• Demain, Volodymyr Zelensky, Recep Tayyip Erdoğan et António Guterres se retrouveront à Lviv, dans l’ouest de l’Ukraine, afin de discuter de la situation préoccupante de la centrale nucléaire de Zaporizhzhya, occupée par l’armée russe et qui devrait être raccordée à la Crimée. À l’ordre du jour seront également les résultats de l’accord sur les céréales, signé sous le parrainage de la Turquie et de l’ONU il y a plus de trois semaines.
  • Depuis le début de la guerre le 24 février, l’insécurité alimentaire — déjà accélérée par la pandémie de Covid-19 — progresse dans toutes les régions du monde, particulièrement en Afrique et au Moyen-Orient, et fait peser un risque réel sur l’alimentation de centaines de millions de personnes. En Afghanistan, en raison de la situation économique du pays et des conséquences du conflit en Ukraine, l’indice du prix du blé, calculé par la Banque mondiale, a presque doublé depuis février dernier.
  • L’accord signé à la fin du mois de juillet, après plusieurs semaines de négociation, aurait dû permettre le libre accès de navires marchands aux ports ukrainiens. Bien que salué par de nombreux de pays lors d’une réunion du 29 juillet aux Nations unies a-t-il réellement les résultats escomptés1 ?
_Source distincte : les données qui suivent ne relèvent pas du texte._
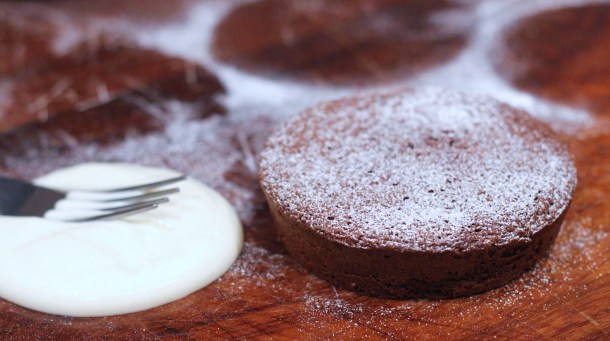 flourlesschocolatecakes6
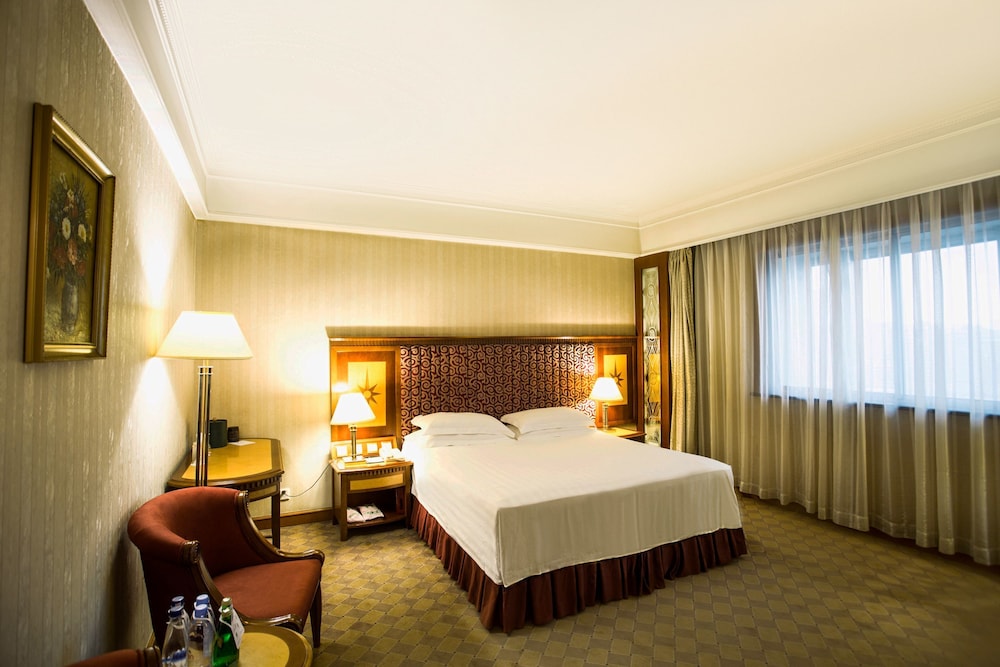 Business Room photo 1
  • Le 5 août, l’organisation des Nations unies pour l’alimentation et l’agriculture (FAO) notait une baisse globale de 19,1 points (soit 11,5 %) de l’indice du prix des céréales à la suite de la signature de l’accord, après avoir atteint son niveau le plus élevé jamais recensé en mars dernier2. Si les indices de prix des principaux produits alimentaires (viande, produits laitiers, sucre, céréales, huiles végétales) demeurent bien plus élevés par rapport à juillet 2021, il semble que l’accord ait eu un effet immédiat sur les prix globaux, atténuant la pression pesant sur les pays les plus pauvres3.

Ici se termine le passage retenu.